**EXERCISE INSTRUCTIONS:** Repeat every line of the material, character for character.

━━━━━ DATA FOR PROCESSING ━━━━━

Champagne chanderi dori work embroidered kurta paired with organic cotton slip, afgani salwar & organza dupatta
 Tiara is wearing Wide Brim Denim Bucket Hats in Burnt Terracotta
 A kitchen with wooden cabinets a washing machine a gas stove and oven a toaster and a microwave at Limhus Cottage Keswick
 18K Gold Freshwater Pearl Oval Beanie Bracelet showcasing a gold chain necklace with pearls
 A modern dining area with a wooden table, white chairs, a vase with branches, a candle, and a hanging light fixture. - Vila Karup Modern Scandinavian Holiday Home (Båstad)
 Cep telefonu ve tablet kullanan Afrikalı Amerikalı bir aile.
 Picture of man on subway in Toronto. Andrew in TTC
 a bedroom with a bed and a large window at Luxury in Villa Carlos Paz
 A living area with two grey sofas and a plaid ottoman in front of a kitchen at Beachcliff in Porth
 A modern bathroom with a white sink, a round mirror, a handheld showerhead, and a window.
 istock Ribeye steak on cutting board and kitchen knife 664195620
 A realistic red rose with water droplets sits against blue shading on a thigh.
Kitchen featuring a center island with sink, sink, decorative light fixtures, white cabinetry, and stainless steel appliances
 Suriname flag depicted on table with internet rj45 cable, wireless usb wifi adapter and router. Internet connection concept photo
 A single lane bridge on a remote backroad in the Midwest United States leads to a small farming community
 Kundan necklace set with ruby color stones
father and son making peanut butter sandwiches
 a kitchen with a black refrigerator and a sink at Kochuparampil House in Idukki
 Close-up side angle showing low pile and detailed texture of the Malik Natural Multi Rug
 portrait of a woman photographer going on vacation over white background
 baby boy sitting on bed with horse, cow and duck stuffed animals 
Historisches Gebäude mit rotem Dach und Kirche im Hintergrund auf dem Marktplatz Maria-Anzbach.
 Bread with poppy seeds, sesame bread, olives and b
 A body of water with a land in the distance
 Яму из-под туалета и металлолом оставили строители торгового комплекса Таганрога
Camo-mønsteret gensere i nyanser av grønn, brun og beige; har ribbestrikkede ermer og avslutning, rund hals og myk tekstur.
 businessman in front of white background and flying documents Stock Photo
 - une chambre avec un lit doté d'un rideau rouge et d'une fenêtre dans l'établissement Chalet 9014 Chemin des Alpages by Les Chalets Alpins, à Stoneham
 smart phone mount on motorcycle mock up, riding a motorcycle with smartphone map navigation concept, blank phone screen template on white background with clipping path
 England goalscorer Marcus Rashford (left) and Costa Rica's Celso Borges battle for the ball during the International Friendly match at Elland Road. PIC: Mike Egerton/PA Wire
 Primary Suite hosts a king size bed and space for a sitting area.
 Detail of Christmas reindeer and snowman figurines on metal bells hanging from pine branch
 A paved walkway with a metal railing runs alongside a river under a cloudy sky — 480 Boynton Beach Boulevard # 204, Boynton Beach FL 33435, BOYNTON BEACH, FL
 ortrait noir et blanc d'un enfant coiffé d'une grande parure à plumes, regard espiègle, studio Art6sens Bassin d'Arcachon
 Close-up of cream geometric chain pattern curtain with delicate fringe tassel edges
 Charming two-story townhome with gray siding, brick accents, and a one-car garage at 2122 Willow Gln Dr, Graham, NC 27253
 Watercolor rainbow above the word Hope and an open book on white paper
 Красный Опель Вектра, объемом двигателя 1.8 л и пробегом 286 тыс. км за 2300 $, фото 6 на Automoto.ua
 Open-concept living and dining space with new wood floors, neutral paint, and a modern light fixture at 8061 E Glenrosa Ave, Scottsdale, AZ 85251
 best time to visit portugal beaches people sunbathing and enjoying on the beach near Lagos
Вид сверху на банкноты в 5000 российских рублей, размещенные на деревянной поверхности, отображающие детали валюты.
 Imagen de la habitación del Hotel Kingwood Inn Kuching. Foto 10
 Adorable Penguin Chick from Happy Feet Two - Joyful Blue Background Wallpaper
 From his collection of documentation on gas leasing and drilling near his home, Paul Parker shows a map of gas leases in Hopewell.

━━━━━

**SOLUTION TO THIS TASK:**
Champagne chanderi dori work embroidered kurta paired with organic cotton slip, afgani salwar & organza dupatta
 Tiara is wearing Wide Brim Denim Bucket Hats in Burnt Terracotta
 A kitchen with wooden cabinets a washing machine a gas stove and oven a toaster and a microwave at Limhus Cottage Keswick
 18K Gold Freshwater Pearl Oval Beanie Bracelet showcasing a gold chain necklace with pearls
 A modern dining area with a wooden table, white chairs, a vase with branches, a candle, and a hanging light fixture. - Vila Karup Modern Scandinavian Holiday Home (Båstad)
 Cep telefonu ve tablet kullanan Afrikalı Amerikalı bir aile.
 Picture of man on subway in Toronto. Andrew in TTC
 a bedroom with a bed and a large window at Luxury in Villa Carlos Paz
 A living area with two grey sofas and a plaid ottoman in front of a kitchen at Beachcliff in Porth
 A modern bathroom with a white sink, a round mirror, a handheld showerhead, and a window.
 istock Ribeye steak on cutting board and kitchen knife 664195620
 A realistic red rose with water droplets sits against blue shading on a thigh.
Kitchen featuring a center island with sink, sink, decorative light fixtures, white cabinetry, and stainless steel appliances
 Suriname flag depicted on table with internet rj45 cable, wireless usb wifi adapter and router. Internet connection concept photo
 A single lane bridge on a remote backroad in the Midwest United States leads to a small farming community
 Kundan necklace set with ruby color stones
father and son making peanut butter sandwiches
 a kitchen with a black refrigerator and a sink at Kochuparampil House in Idukki
 Close-up side angle showing low pile and detailed texture of the Malik Natural Multi Rug
 portrait of a woman photographer going on vacation over white background
 baby boy sitting on bed with horse, cow and duck stuffed animals 
Historisches Gebäude mit rotem Dach und Kirche im Hintergrund auf dem Marktplatz Maria-Anzbach.
 Bread with poppy seeds, sesame bread, olives and b
 A body of water with a land in the distance
 Яму из-под туалета и металлолом оставили строители торгового комплекса Таганрога
Camo-mønsteret gensere i nyanser av grønn, brun og beige; har ribbestrikkede ermer og avslutning, rund hals og myk tekstur.
 businessman in front of white background and flying documents Stock Photo
 - une chambre avec un lit doté d'un rideau rouge et d'une fenêtre dans l'établissement Chalet 9014 Chemin des Alpages by Les Chalets Alpins, à Stoneham
 smart phone mount on motorcycle mock up, riding a motorcycle with smartphone map navigation concept, blank phone screen template on white background with clipping path
 England goalscorer Marcus Rashford (left) and Costa Rica's Celso Borges battle for the ball during the International Friendly match at Elland Road. PIC: Mike Egerton/PA Wire
 Primary Suite hosts a king size bed and space for a sitting area.
 Detail of Christmas reindeer and snowman figurines on metal bells hanging from pine branch
 A paved walkway with a metal railing runs alongside a river under a cloudy sky — 480 Boynton Beach Boulevard # 204, Boynton Beach FL 33435, BOYNTON BEACH, FL
 ortrait noir et blanc d'un enfant coiffé d'une grande parure à plumes, regard espiègle, studio Art6sens Bassin d'Arcachon
 Close-up of cream geometric chain pattern curtain with delicate fringe tassel edges
 Charming two-story townhome with gray siding, brick accents, and a one-car garage at 2122 Willow Gln Dr, Graham, NC 27253
 Watercolor rainbow above the word Hope and an open book on white paper
 Красный Опель Вектра, объемом двигателя 1.8 л и пробегом 286 тыс. км за 2300 $, фото 6 на Automoto.ua
 Open-concept living and dining space with new wood floors, neutral paint, and a modern light fixture at 8061 E Glenrosa Ave, Scottsdale, AZ 85251
 best time to visit portugal beaches people sunbathing and enjoying on the beach near Lagos
Вид сверху на банкноты в 5000 российских рублей, размещенные на деревянной поверхности, отображающие детали валюты.
 Imagen de la habitación del Hotel Kingwood Inn Kuching. Foto 10
 Adorable Penguin Chick from Happy Feet Two - Joyful Blue Background Wallpaper
 From his collection of documentation on gas leasing and drilling near his home, Paul Parker shows a map of gas leases in Hopewell.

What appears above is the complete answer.